Crude oil rose to the highest level in two weeks after European economic confidence increased and U.S. and German unemployment claims dropped, signals that the global economy is rebounding.
Oil climbed 2.3 percent after the European confidence report showed the euro-area recovery is strengthening even as Greece’s fiscal crisis spreads across the region. U.S. jobless claims fell to a one-month low, and German unemployment declined in April at the fastest pace in more than two years.
“Expectations in the market are mounting for improved economic growth domestically and globally,” said Jason Schenker, president of Prestige Economics LLC, an Austin, Texas- based energy consultant. “The market’s moving on whatever medium-term economic data may seem to be important.”
Crude oil for June delivery rose $1.95 to settle at $85.17 a barrel on the New York Mercantile Exchange, the highest level since April 15. Futures have gained 67 percent in the past year.
An index of executive and consumer sentiment in the 16 euro nations climbed to 100.6 in April from a revised 97.9 in March, the highest level in more than two years, the European Commission in Brussels said today.

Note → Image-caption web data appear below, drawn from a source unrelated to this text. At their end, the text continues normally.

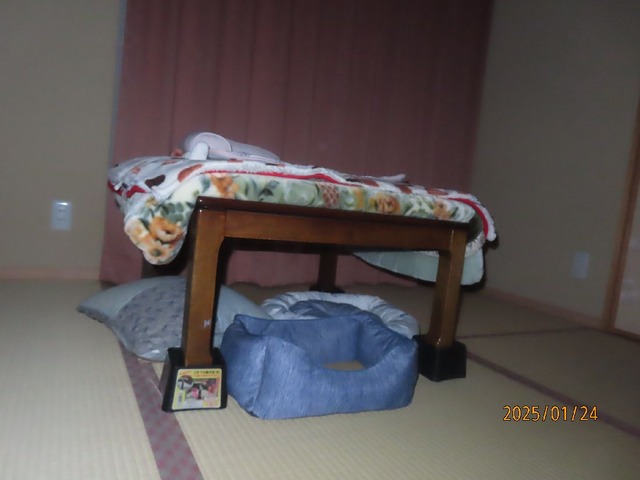 一時過ぎベッドは空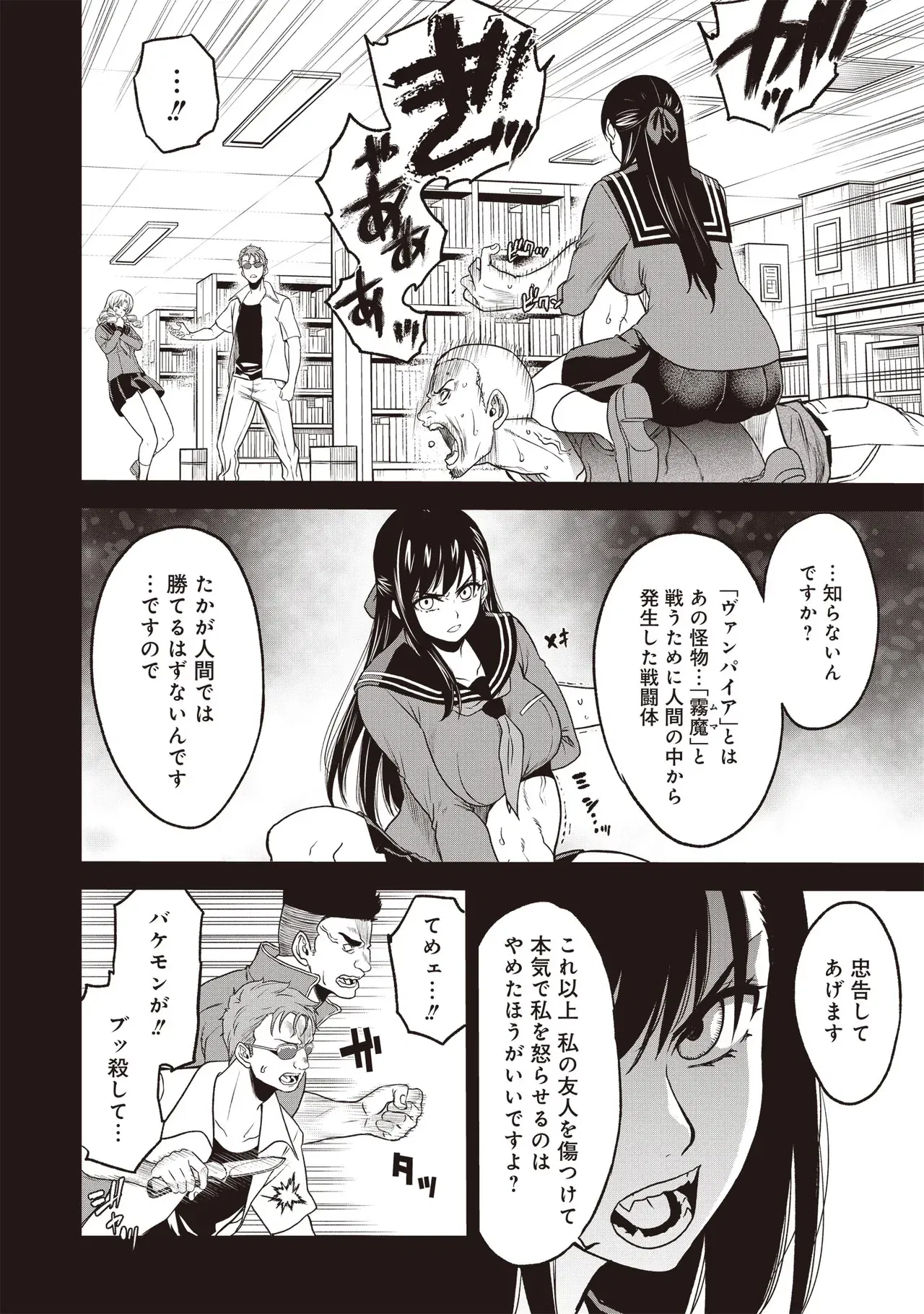 Image #252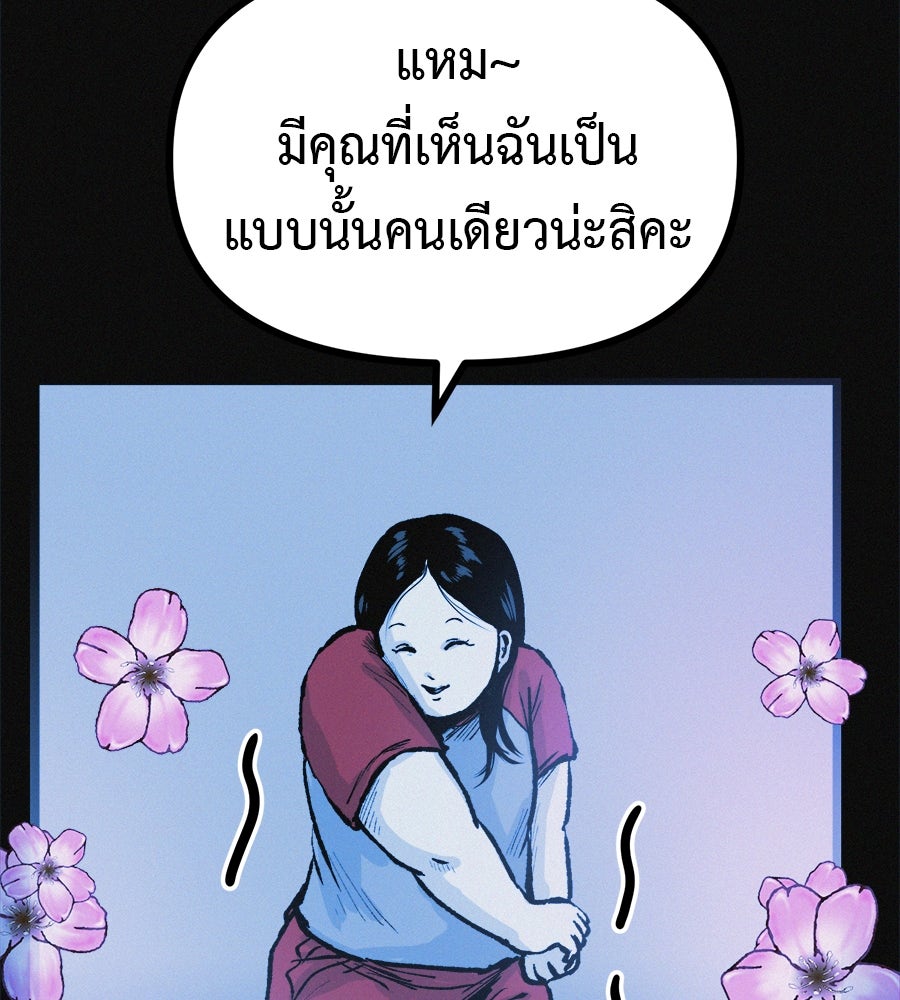 ไดเอ็ตคลับสุดหลอน - หน้า 151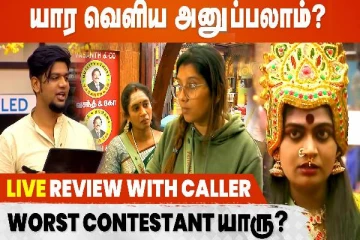 பிக்பாஸில் யாரை வெளியே அனுப்பலாம்? - நேயர்களுடனான உரையாடல்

That exceeded the 99.4 median estimate of 24 economists in a Bloomberg News survey.
In Germany, the region’s largest economy, unemployment decreased 68,000 to 3.29 million in April. Economists had forecast a drop of 10,000, based on the median estimate of 30 analysts surveyed by Bloomberg. U.S. initial jobless claims fell by 11,000 to 448,000 in the week ended April 24, in line with the forecast of economists in a separate Bloomberg survey.
“The jobless numbers were good, which gave the market a little optimism,” said Michael Fitzpatrick, vice president of energy at MF Global in New York.

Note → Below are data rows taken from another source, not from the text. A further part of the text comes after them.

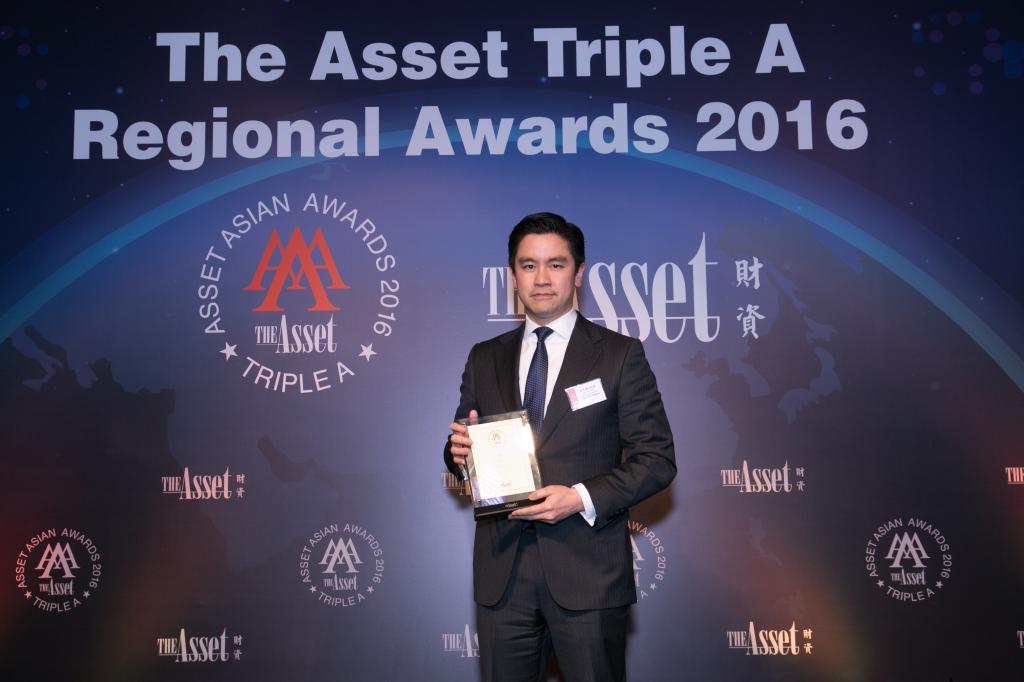 Best reit house and best brokerage house: DBS and DBS Vickers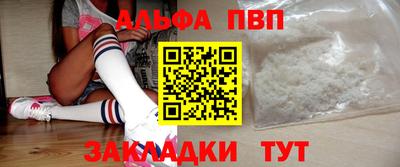 шишки Новокубанск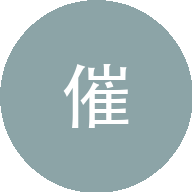 专职催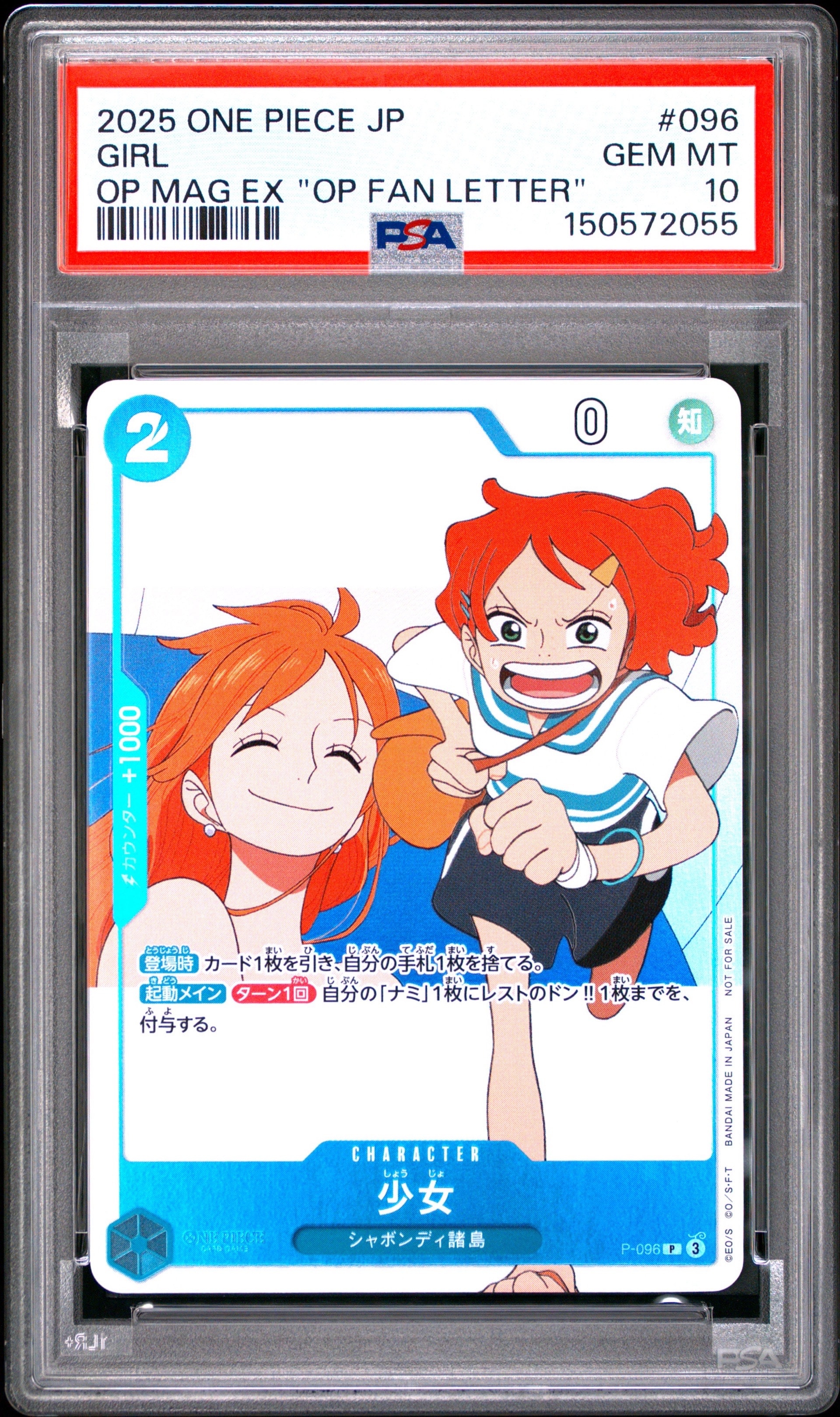 少女 P [P-096](プロモーションカード「ワンピースマガジン 別冊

European leaders moved closer to helping Greece with a bailout to stave off a default. Standard & Poor’s Ratings Services lowered its sovereign credit ratings on Greece to junk earlier this week. It also cut ratings for Portugal and Spain.
Oil gained 1 percent yesterday as the Federal Open Market Committee said economic conditions “are likely to warrant exceptionally low levels of the federal funds rate for an extended period.”
The U.S. Coast Guard has partly restricted traffic in and out of the Mississippi River following the massive BP Plc oil spill in the Gulf of Mexico, though the main entrance to the river is still open. The damaged well is leaking as much as 5,000 barrels of crude a day.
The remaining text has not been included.